PROBLEM STATEMENT: Would you restate the listing word for word, with the images omitted?

COLLECTED MATERIAL:
[Start of Attachment]

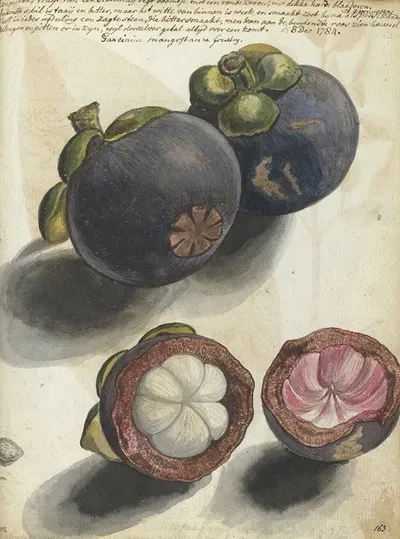 Manggistan by Jan Brandes, 1784 — digital art print download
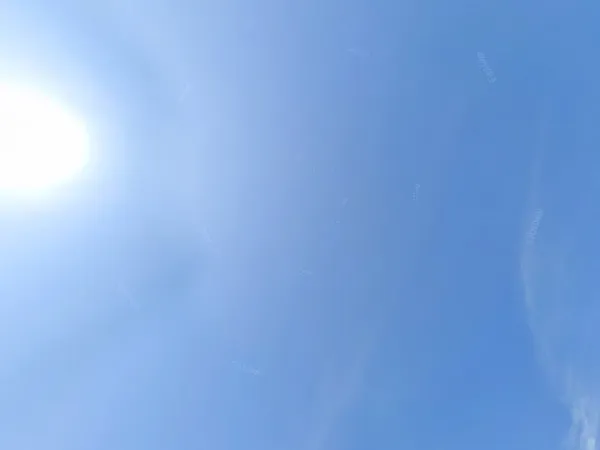 Kringloopwinkel Kringloopwinkel De Witte Markt BV in Heinenoord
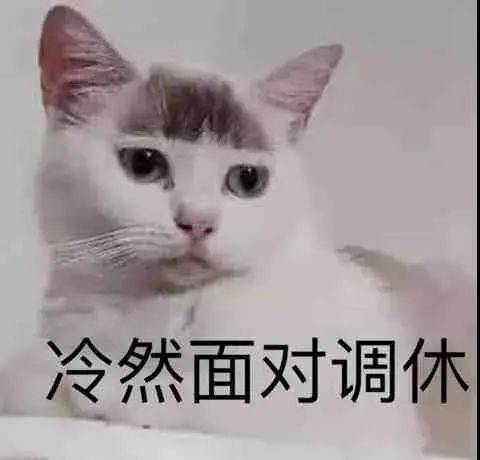 伸个懒腰准备起床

[End of Attachment]

RESPONSE:
 Manggistan by Jan Brandes, 1784 — digital art print download
 Kringloopwinkel Kringloopwinkel De Witte Markt BV in Heinenoord
 伸个懒腰准备起床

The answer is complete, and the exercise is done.